- **Your objective**:
An exact copy of the listing is what is needed; please output it in full.

- **Provided material**:
Content starts
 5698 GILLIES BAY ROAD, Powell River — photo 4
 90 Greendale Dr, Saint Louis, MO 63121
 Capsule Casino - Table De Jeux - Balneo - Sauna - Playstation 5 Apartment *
Content ends
- **Written reply**:
 5698 GILLIES BAY ROAD, Powell River — photo 4
 90 Greendale Dr, Saint Louis, MO 63121
 Capsule Casino - Table De Jeux - Balneo - Sauna - Playstation 5 Apartment *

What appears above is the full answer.